Sometimes it is the first time: Disc crashed in RAID

I cannot say that I never experienced a disc crash so far. It happened extremely seldom though and having a disc crash in a RAID array was definitely a first time. And to my own shame I can't really say that I handled it with grace. Well, sometimes it is the first time and you have to learn stuff. Two days ago a customers mail server deadlocked. I got the call early next morning and indeed I was unable to do anything with the machine. The only choice left was rebooting. The machine came up but it was suspiciously slow. Turned out that the RAID array was constantly trying to resynchronize a central partition of the system. I made an error here and assumed that I should try to fiddle with the hard disk at this point since the workday was just beginning and the customer would have been quite unhappy if his customers would have been without mail. In fact I should have just ran smartctl at this point. It would have told me something like this:
> smartctl -a /dev/sdb

...

SMART Error Log Version: 1
ATA Error Count: 206 (device log contains only the most recent five errors)

...

 Error 206 occurred at disk power-on lifetime: 3931 hours (163 days + 19 hours)
 When the command that caused the error occurred, the device was active or idle.

 After command completion occurred, registers were:
 ER ST SC SN CL CH DH
 -- -- -- -- -- -- --
 40 51 00 50 06 49 e0  Error: UNC at LBA = 0x00490650 = 4785744

 Commands leading to the command that caused the error were:
 CR FR SC SN CL CH DH DC   Powered_Up_Time  Command/Feature_Name
 -- -- -- -- -- -- -- --  ----------------  --------------------
 25 00 08 50 06 49 e0 00      06:40:08.182  READ DMA EXT
 27 00 00 00 00 00 e0 00      06:40:08.128  READ NATIVE MAX ADDRESS EXT
 ec 00 00 00 00 00 a0 02      06:40:08.124  IDENTIFY DEVICE
 ef 03 46 00 00 00 a0 02      06:40:06.213  SET FEATURES [Set transfer mode]
 27 00 00 00 00 00 e0 00      06:40:06.145  READ NATIVE MAX ADDRESS EXT

...
Since the partition /dev/sdb8 did cause the problem I should have now removed the disk from the RAID array by issuing:
> mdadm /dev/md8 --fail /dev/sdb8
> mdadm /dev/md8 --remove /dev/sdb8
This would have saved some trouble yesterday.
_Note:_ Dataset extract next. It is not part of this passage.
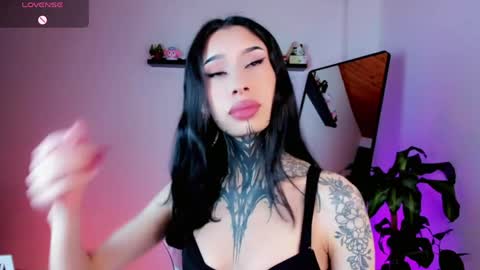 Kali Ka Please help me with your thumbs up its important   dont forget my birthday on October 26 online show from 05.17.26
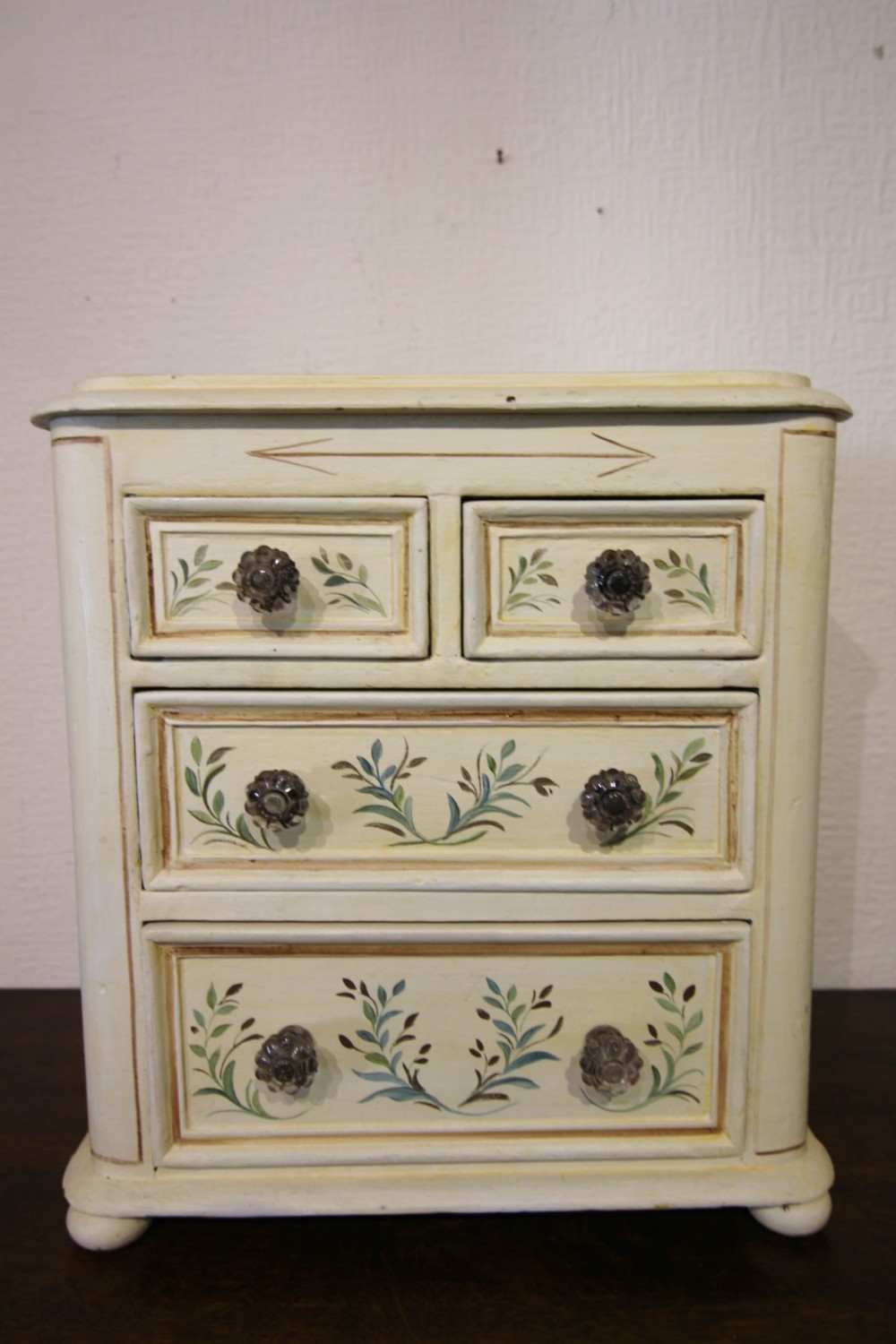 19th century painted four drawers apprentice chest of drawers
Since the machine constantly tried to resync the broken partition the system was highly unstable and I had to reboot twice again. The machine went to hell the following night again, requiring a new reboot the next morning. But since we were in the weekend then I had no reservations about checking the machine anymore. I informed the server support and they swapped the disk. At that point I had to copy the partition table from /dev/sda to the fresh /dev/sdb using fdisk:
> fdisk /dev/sda

Command (m for Help): p

Disk /dev/sda: 250.0 GByte, 250059350016 Byte
255 Heads, 63 Sectors/Tracks, 30401 Cylinder

Device boot. Start End Blocks Id System
/dev/sda1 1 128 1028128+ fd Linux raid autodetect
/dev/sda2 129 383 2048287+ 82 Linux Swap / Solaris
/dev/sda4 384 30401 241119585 5 Extended
/dev/sda5 384 1021 5124703+ fd Linux raid autodetect
/dev/sda6 1022 1659 5124703+ fd Linux raid autodetect
/dev/sda7 1660 4209 20482843+ fd Linux raid autodetect
/dev/sda8 4210 30401 210387208+ fd Linux raid autodetect
Using n for creating new partitions and t for setting the correct partition types the layout got copied to /dev/sdb. Now in recovery mode the final step required embedding the new disc in the RAID array again:
rescue:~# mdadm --manage /dev/md1 --add /dev/sdb1
rescue:~# mdadm --manage /dev/md5 --add /dev/sdb5
rescue:~# mdadm --manage /dev/md6 --add /dev/sdb6
rescue:~# mdadm --manage /dev/md7 --add /dev/sdb7
rescue:~# mdadm --manage /dev/md8 --add /dev/sdb8
/proc/mdstat shows the progress on this while the resynchronisation runs:
rescue:~# cat /proc/mdstat
Personalities : [linear] [raid0] [raid1] [raid10] [faulty]
md1 : active raid1 sdb1[1] sda1[0]
1028032 blocks [2/2] [UU]

md5 : active raid1 sdb5[1] sda5[0]
5124608 blocks [2/2] [UU]

md6 : active raid1 sdb6[2] sda6[0]
5124608 blocks [2/1] [U_]
resync=DELAYED

md7 : active raid1 sdb7[2] sda7[0]
20482752 blocks [2/1] [U_]
resync=DELAYED

md8 : active raid1 sdb8[2] sda8[0]
210387136 blocks [2/1] [U_]
[==============>......] recovery = 70.1% (147615104/210387136) finish=18.5min speed=56316K/sec

unused devices:
Looking back I must say it was nothing dramatic at all. The only problem was my lack of knowledge on how to handle the situation. So I figured it is worth posting it.